A MISPLACED MASSACRE

Struggling Over the Memory of Sand Creek

by Ari Kelman

Pub Date: Feb. 11th, 2013
ISBN: 978-0-674-04585-9
Publisher: Harvard Univ.

A historian unravels the tangled story behind the establishment of the Sand Creek Massacre National Historic Site.

On November 29, 1864, with almost six months of bloody fighting remaining in the Civil War, U.S. Army Col. John Chivington and a force of Colorado militia attacked a Cheyenne and Arapaho village about 40 miles from Fort Lyon. For Chivington, the engagement was heroic, a defeat of likely Confederate sympathizers, Indians who had terrorized the frontier. For his subordinate, Silas Soule, the “battle” was a slaughter of defenseless women and children, and he ordered his men not to fire or take part in the atrocities that ensued. For George Bent, witness and survivor, the massacre at Sand Creek constituted a cultural catastrophe.

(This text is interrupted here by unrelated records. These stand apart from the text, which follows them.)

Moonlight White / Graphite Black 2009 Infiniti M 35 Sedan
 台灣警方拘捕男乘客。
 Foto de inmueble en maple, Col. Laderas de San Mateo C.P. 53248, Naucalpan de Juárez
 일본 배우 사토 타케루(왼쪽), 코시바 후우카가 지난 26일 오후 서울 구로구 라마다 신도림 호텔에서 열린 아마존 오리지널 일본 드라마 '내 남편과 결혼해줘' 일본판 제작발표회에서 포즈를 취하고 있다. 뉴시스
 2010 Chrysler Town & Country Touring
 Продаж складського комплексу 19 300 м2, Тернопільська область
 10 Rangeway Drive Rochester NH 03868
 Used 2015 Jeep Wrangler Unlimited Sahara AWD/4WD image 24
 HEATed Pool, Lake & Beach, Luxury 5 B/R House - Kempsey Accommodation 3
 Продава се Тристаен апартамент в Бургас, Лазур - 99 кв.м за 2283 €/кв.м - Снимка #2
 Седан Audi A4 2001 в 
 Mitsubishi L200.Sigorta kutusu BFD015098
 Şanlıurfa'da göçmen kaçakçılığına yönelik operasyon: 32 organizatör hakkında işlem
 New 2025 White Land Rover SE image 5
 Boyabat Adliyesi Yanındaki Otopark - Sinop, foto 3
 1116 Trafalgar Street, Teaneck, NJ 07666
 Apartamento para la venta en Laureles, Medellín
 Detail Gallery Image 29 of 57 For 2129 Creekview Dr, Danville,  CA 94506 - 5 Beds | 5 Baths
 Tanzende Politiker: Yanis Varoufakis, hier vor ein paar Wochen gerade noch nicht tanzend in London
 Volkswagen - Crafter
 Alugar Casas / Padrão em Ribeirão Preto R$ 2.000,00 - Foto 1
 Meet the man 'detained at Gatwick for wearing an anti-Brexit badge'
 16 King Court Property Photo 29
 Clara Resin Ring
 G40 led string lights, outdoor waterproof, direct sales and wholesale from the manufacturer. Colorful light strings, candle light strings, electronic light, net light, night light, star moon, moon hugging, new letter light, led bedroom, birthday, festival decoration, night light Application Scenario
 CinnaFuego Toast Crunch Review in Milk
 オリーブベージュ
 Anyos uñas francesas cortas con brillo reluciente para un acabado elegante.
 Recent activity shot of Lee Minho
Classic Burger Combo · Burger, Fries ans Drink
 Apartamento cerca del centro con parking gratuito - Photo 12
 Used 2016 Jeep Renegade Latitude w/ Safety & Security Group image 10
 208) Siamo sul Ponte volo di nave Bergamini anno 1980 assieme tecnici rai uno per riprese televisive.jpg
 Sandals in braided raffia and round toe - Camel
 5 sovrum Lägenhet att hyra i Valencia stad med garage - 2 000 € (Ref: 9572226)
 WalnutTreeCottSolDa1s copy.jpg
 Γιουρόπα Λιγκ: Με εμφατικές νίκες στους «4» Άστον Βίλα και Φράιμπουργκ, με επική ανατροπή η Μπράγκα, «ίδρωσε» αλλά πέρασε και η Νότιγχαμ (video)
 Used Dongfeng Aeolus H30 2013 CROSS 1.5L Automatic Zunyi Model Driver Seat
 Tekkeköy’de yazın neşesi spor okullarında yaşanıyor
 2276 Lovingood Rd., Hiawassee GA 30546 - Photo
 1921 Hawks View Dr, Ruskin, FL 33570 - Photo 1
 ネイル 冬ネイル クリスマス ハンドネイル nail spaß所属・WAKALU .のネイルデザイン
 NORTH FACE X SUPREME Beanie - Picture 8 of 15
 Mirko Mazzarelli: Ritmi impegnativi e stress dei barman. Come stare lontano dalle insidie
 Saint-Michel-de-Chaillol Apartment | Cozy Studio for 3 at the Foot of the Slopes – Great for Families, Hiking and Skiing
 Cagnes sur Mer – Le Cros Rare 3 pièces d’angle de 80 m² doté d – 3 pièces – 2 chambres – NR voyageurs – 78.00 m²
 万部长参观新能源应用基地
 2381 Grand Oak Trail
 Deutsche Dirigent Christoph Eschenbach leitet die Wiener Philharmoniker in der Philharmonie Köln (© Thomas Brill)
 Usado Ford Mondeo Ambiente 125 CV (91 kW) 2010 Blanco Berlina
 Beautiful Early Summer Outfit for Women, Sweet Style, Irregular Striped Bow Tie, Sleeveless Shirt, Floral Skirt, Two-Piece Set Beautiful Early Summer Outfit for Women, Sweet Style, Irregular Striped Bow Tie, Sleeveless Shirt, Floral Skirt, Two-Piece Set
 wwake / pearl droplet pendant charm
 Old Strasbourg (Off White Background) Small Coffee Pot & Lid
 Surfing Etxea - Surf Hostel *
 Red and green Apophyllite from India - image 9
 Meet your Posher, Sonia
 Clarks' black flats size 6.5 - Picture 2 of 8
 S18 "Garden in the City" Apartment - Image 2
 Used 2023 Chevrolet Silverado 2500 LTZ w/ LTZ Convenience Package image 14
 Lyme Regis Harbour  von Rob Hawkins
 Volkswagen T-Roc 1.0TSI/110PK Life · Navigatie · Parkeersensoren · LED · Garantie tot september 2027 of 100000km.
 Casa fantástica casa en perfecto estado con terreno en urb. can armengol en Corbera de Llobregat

These three competing narratives developed in the immediate wake of Sand Creek, and they persist more than 140 years later. Kelman (History/Univ. of California, Davis; A River and Its City: The Nature of Landscape in New Orleans, 2003) frequently harks back to them as he recounts the effort to bring the site under the supervision of the National Park Service. Instead of the much-wished-for “healing” and “reconciliation,” in publications, in public meetings and on the Internet, old conflicts were renewed among constituencies—private landowners, the tribes and the federal government—jostling to seize control of the Sand Creek narrative. Notwithstanding broad agreement on the geographical dimensions of the site, interpreting events proved remarkably contentious. Traditional historians, ethnographers, archaeologists and cartographers all figured into the effort to memorialize Sand Creek. While Kelman makes his sympathies clear, he mostly plays it straight in presenting the various clashing viewpoints. The Sand Creek Massacre, he notes, had its origins in the fight for control of the West. The tortured cultural and political struggle to properly remember it resulted in the 391st unit of the National Park Service.

Vividly captures the controversy and pain that accompanied this reopening of a dark chapter in American history.